We’re moving in a hurry now towards our national dish. Whitby takes it extremely seriously. In fact several of the fish and chip shops here claim to be the best in Britain. We choose the Magpie, having been directed there by my favourite Yorkshirewoman. Sure enough it’s about the very best fry that has ever passed my lips. A carapace of light salty batter brings on the alchemic steaming of fresh flaky cod. The chips are golden-crispy outside, fluffy and earthy within. Friends, even the pickled onion is magical. Lately a bar has opened on the rooftop of a London hotel. To see its panoramic views you have to book a two-hour slot and undertake to spend £75 a head, literally boxed in and constrained to enjoy yourself on schedule. Instead here we are, a tenner each on our takeaway feast, sat at the harbour, then climbing Dracula’s 199 steps to the ruined abbey and churchyard for a view of the town and its twin piers jutting into North Sea like a lobster’s pincer, talking our cheery nonsense as the evening slowly sets.
Next morning we head south along the coast and arrive early in Robin Hood’s Bay. Early enough that we don’t make a total nuisance of ourselves in wriggling the car through the steep, narrow village. Down at the slipway and beach it’s zinging in sharp autumn sunlight. A breezy stroll on the sand at low water looks tempting.
A superb sweeping road passes the sinister radar installations at Fylingdales to Pickering at breakfast time. Another fine town, and it proves that practically anywhere these days you can find an independent hipster coffee shop with distressed industrial furniture. The espresso at Klarneins is fabulous. None of your over-extracted coffee chain bitterness, just perfect body and a lovely orange peel tang. The eggs florentine are pretty darned fine too.
The York bypass and M1 get us southward. After a couple of days the Astra’s interior is making sense. It’s obvious the screens and controls are Peugeot underneath, but Vauxhall interface designers threw out some of the flourishes, kept it deliberately ordinary, and ended up with something useful and easy to fathom. This Ultimate spec has a head-up display but there’s no need because you can easily subdivide and arrange demarcation among the other screens for navigation, entertainment and trip computer – which by the way can report 45mpg on the motorway and 30-plus in the hills. The Astra feels mercifully less bulky than a crossover but its back seat is more cramped than some rival hatches, so if you were sitting there for long you might feel aggrieved. I haven’t heard my bike moaning.
A walk now. Mam Tor and beyond is one of the best yet most accessible routes in the Derbyshire Peaks. You can park right near the base and in five minutes be at the trig-point apex, where a sharp ridge opens before you. That’s an easy stroll – the National Trust has put stone slabs down over most of its length – but the view’s exceptional. It’s like being hoisted by a drone. To your left, a ring of hills cradles the green patch of Edale. Plunging down to the right are the lusher fields of the Hope Valley, where the Marsden family’s cows are ruminating on their last autumn bite of grass.
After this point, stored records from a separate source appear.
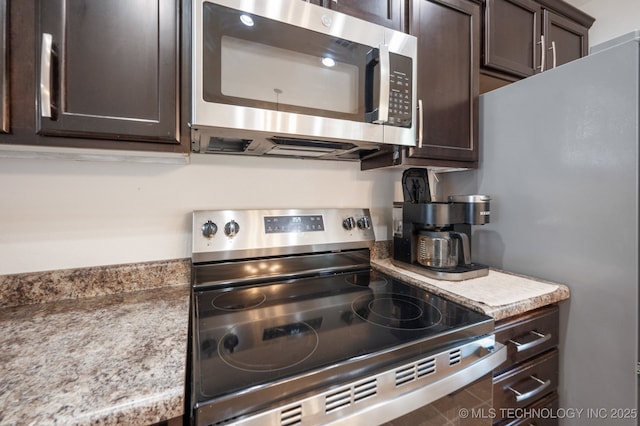 8661 S 264th E Ave, Broken Arrow, OK 74014 - kitchen with appliances with stainless steel finishes and dark brown cabinets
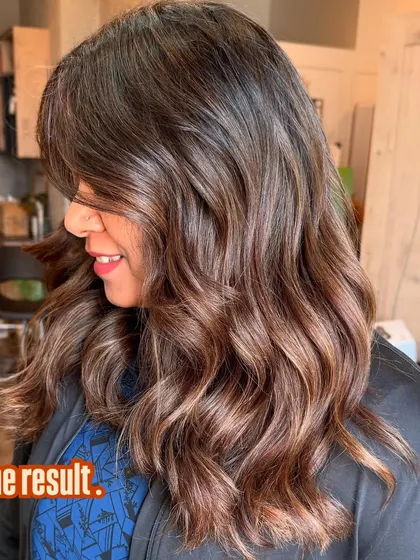 Here's the stunning result of a terracotta balayage. The blend is seamless, giving the hair a warm, dimensional glow that looks natural and vibrant.
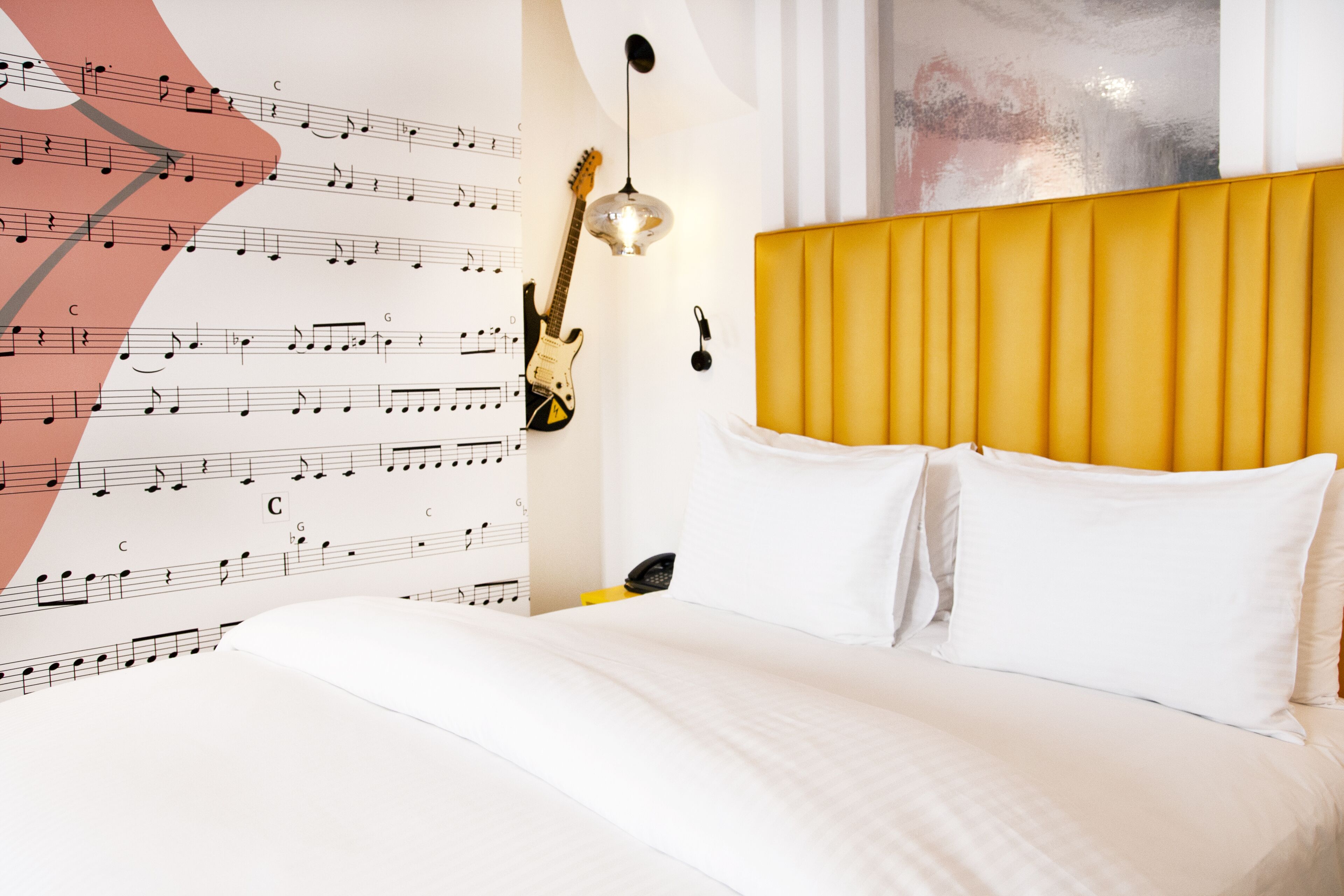 Habitación de hotel con una cama, una guitarra y una pared decorada con notas musicales.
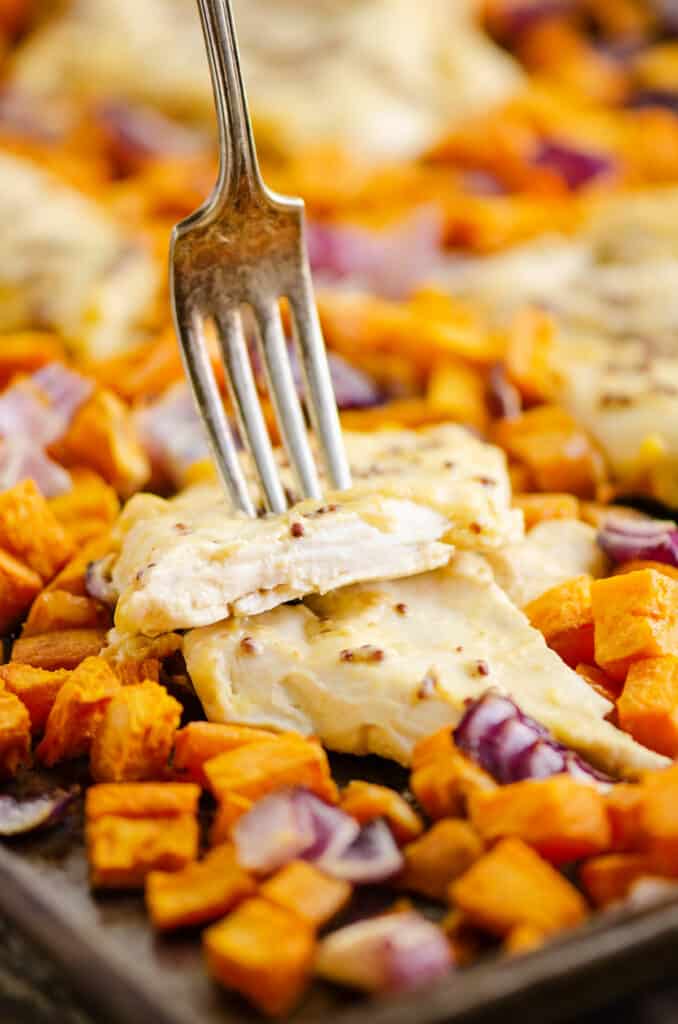 honey mustard chicken with fork and sweet potatoes on sheet pan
Their milk goes into homemade ice cream that’s sold right there in the farmyard and tastes wholly superb. We proceed to overdo it by getting each of our cones three scoops high. Then, in a manoeuvre like the docking of the ISS, we mate them end-to-end and gingerly remove the upper inverted cone for a vertical straight-six. Huzzah. In all honesty though, this overabundance goes against the spirit of our trip. Extravagant Instagrammable locations and activities are all very well. But the dignity of what is modest, well crafted and ordinary, more now than for years, has a lot more to be said for it.
Ordinary cars fascinate me. They’re the hardest of all to design and engineer, because every penny is counted, every last gram of CO2 matters, every millimetre of space is measured, and faults are unforgivingly exposed by the brutalities of daily use. The best of them meet those boring goals while being more desirable than the next company’s product that was built to exactly the same parameters. Among last year’s, that has been best achieved by the Astra.
Most of all, ordinary cars are the ones that are woven into our memories. They make accessible our best journeys, people, places and roads. They’re the cars of our lives and for that we cherish them.